*** Information supplied ***
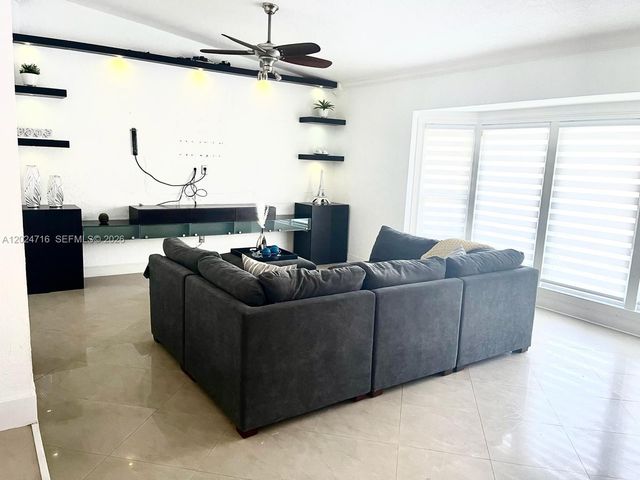 19960 Highland Lakes Boulevard, Miami, FL 33179
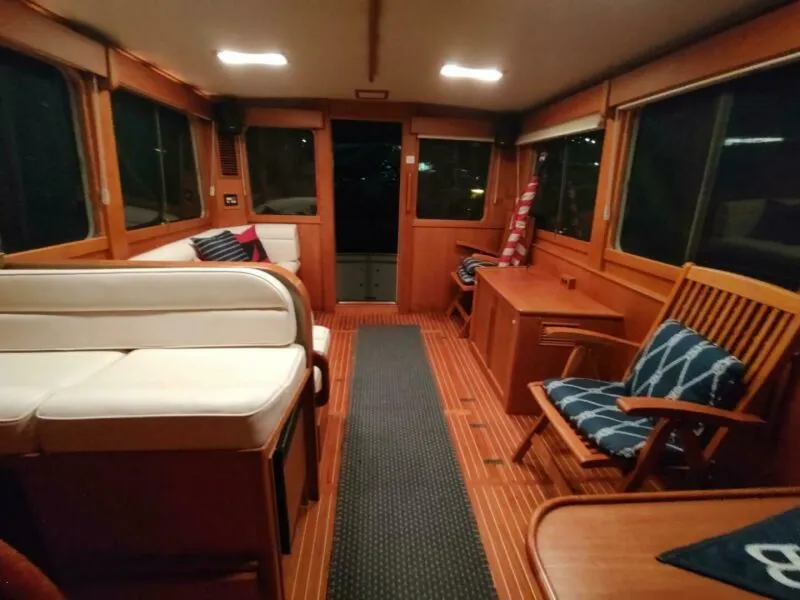 Slide: The Image of Grand Banks Eastbay 40 Flybridge 1996 - 7384398
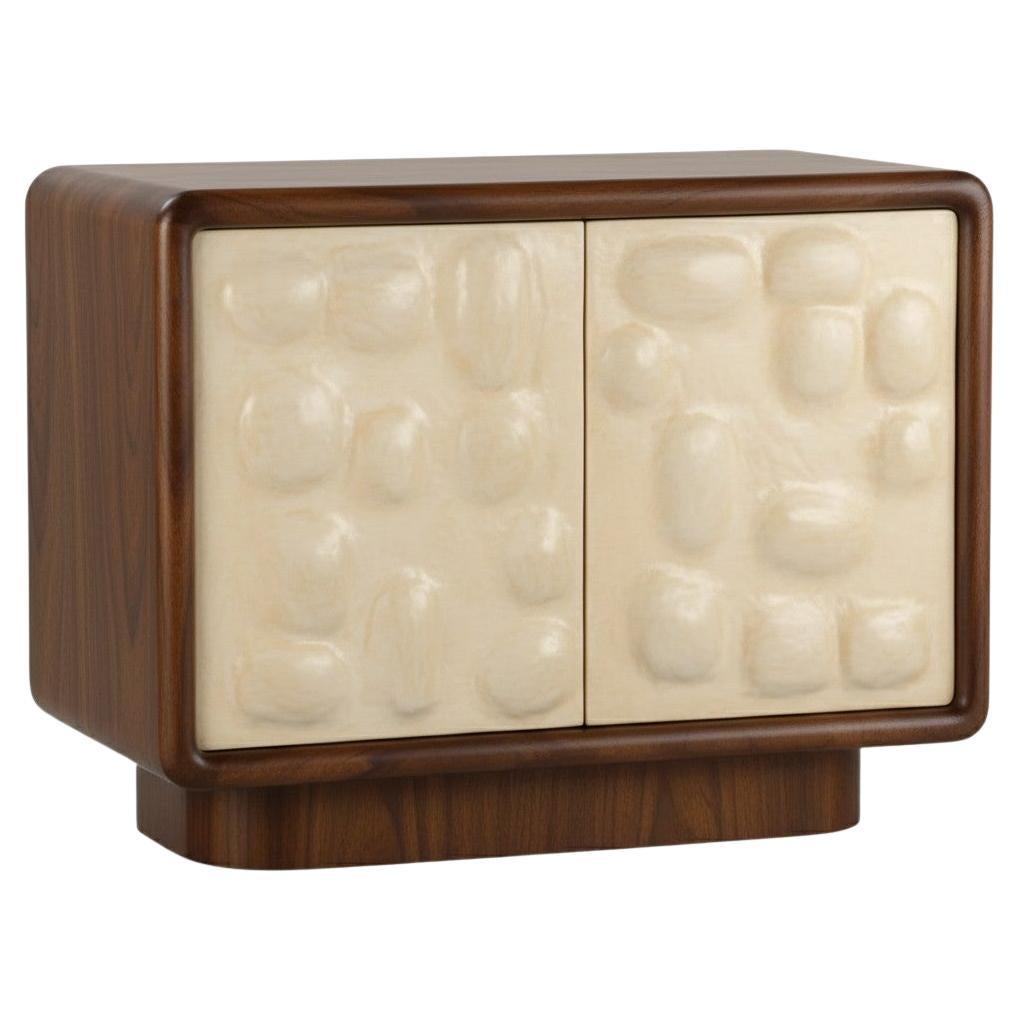 Armario Moderno Orgánico en Nogal y Yeso Aplicado a Mano Por José Castro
*** End of Information supplied ***
The problem: Only the lines from the one containing "Slide: The Image" through the last line of the material should be returned, exactly and without pictures.

Worked solution:
 Slide: The Image of Grand Banks Eastbay 40 Flybridge 1996 - 7384398
 Armario Moderno Orgánico en Nogal y Yeso Aplicado a Mano Por José Castro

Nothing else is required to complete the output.